…the delight of solitarinesse? I am not sure this is always the case. Dowland’s song is lovely, and does all those Elizabethan/Jacobean things about how countryside allows escape – from court, from love, from mess. The re-read of this play (I’ve sprinkled some allusions throughout this post) has given me much to think about tonight. However, just as the Duke in As You Like It retreats to the Forest of Arden not alone but with his company, the social aspect of the pictures below cannot be denied. Hey nonny no.
Maria Popova’s Brainpickings Blog is a mine of beautiful sources for all sorts of things. Here, she excerpts some of the writings of Hermann Hesse on trees, which sparked some thoughts on Twitter and in me. What makes a place special? Is it simply memory? Here I want to post some pictures and some brief explanations with really no thought but to explore some of the sites that have meant something to me over the past two or so years. So this is really just a resource for further reflection, taking account of space, memory and relationship. They aren’t in chronological order, or really in order of importance, except that the last is the most recent.
I’ll start at Wittenham Clumps, where I learned the value of Forest School back in 2000. This is a later picture, of course, with two grandchildren making dens. I’ll come back to Forest School, that almost incidental thing that was therapy for me after Theo died and then went on the inform my educational world view. Making dens in the Wittenham Woods, watching physical skills and inventiveness and imagination come together is still a great joy.
But the next has to be the first dawn looking to Ludchurch from Gradbach. The rising of the sun and the running of the deer. Wild Spaces Wild Magic defines so much of my work-thinking over the past two years: that it has such personal significance is down to the “geological pantocrator,” the pareidolic Green Knight (here in the initial project outline), and to the quiet glory of this dawn – and (back to the humans) to the team. It was mat who showed me that face, and if I have lost my heart to the project it is in part because of that experience, and then this glorious autumn morning, and also to the variety of gifts of the team – Debbie, Jane, Roger, Mat:
They make me think and feel and create (and fail and pick myself up) but it is this half an hour at dawn in a solitary wooded valley that was a moment of transcendence with
…tongues in trees, books in the running brooks,
Sermons in stones and good in every thing.
***
To create a methodological framework for this, I suppose I am looking for a visual approach to autoethnographic study – but in reality, I am not there yet. Where I am, or where I was the other week at any rate, was seeing woods not as a place of solitary contemplation as in my previous post, but as a place of meeting. A place of shelter, companionship, release, exploration: Who Will Go Walk? Here then, to end, is a series of photos: Nettlebed, a place of glory in bluebell time, where in Rob Macfarlane’s words “Each step in taken in an ocean”
and where in autumn Maggie and I have walked the red-gold of beech leaves. I could wish this were the site of Cooper’s fantasy sequence, so powerful it is, so amazing the visits I make with Maggie.
And then there’s Wychwood, the “strange caper” where I broke my finger trying to keep up with Jon. The memory stays, brings a smile. The finger is still wonky. Maybe the woods, like Arden, like a monastery, like life’s different contexts, are places we are accompanied by our follies? Maybe I needed to learn I am more “Full of wise saws, and modern instances,” a bit like this blog, than a nimble Orlando under a greenwood tree.

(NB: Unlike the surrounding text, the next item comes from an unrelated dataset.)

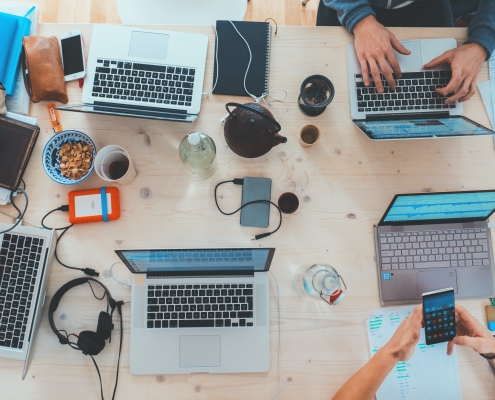 view from above of meeting table with laptops and arms visible; soft skills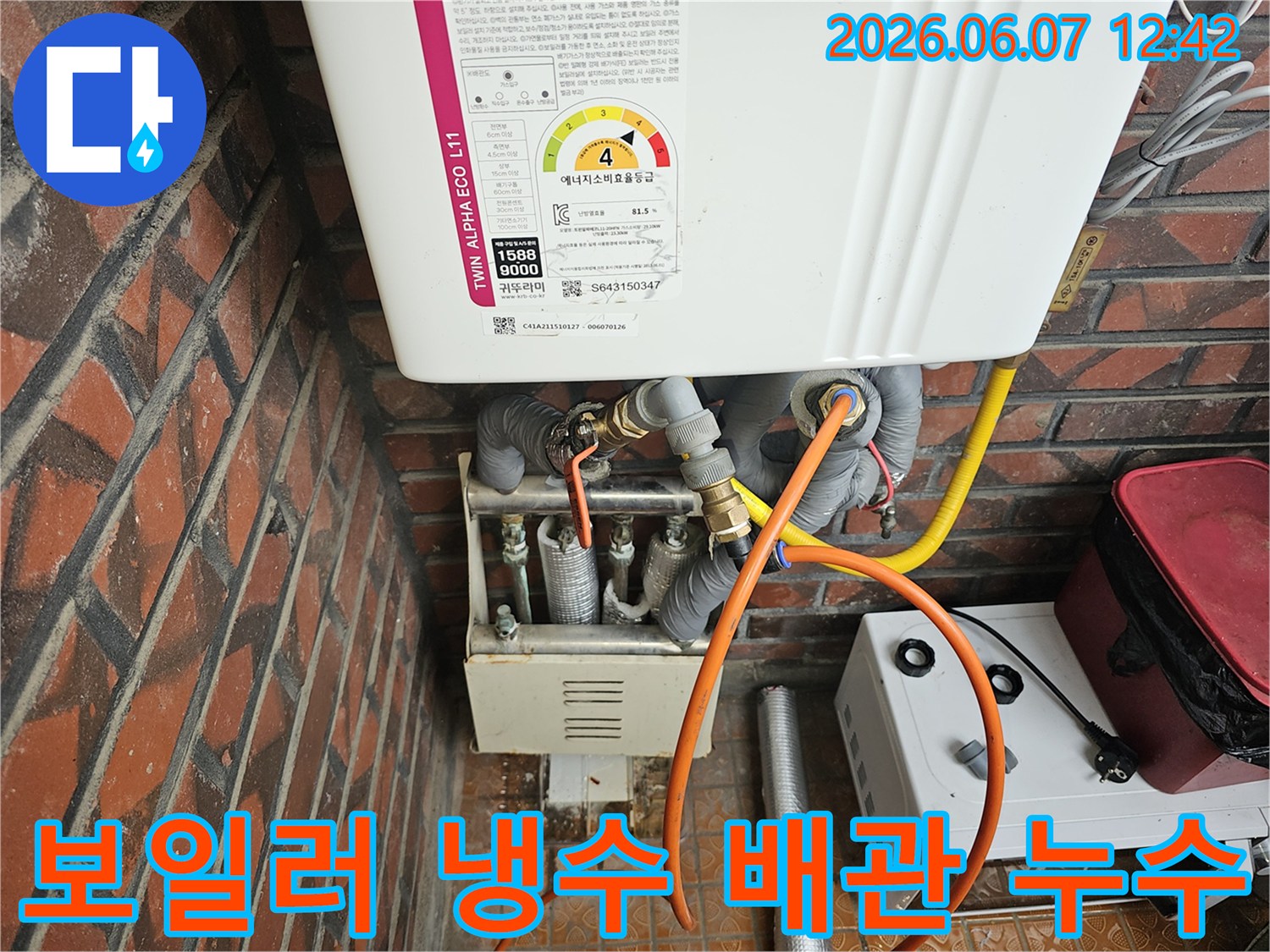 이 이미지는-서울 금천구 독산동의 한 건물에서-가스보일러의-냉수 배관 연결 부위에서-발생한 누수를-엔지니어가-정밀하게 점검하는-모습을 담고 있습니다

I cannot omit the 2016 autumn trip with Mat on the first, splendid visit to Alderley Edge. Here he is photographing away in the woods on our weekend in Garner Country. I’m not sure we found anything of real insight at Alderley that tentative first morning – but it does deserve another trip, maybe on its own. The Edge was maybe eclipsed for me by the later activities of the weekend, notable, of course, the meeting with the Green Knight, whose photos are all over this blog, and in whose magic wood on our last trip I felt both lost and found.
Nearly there. Three more shots: my local nature reserve, the Lye Valley where the ways the woods open out into fen are like a curtain drawing back… again the grandchildren, or two of them: watching them teaches me more than reading about outdoor learning. ..
…and the domestic woods at Harcourt where much of my Outdoor Learning practical work takes place… and yes, I did smoor that little fire. What started as what I think of (unkindly) as my hobby module has become a major part of my understanding of my role.
And finally to say nothing much but to bring the blog post to a finish, here are Chris and Jon and me. Woods and friendship again. Solitary they can be, as in the previous blog I cited – but they are also places of meeting. Another form of therapy?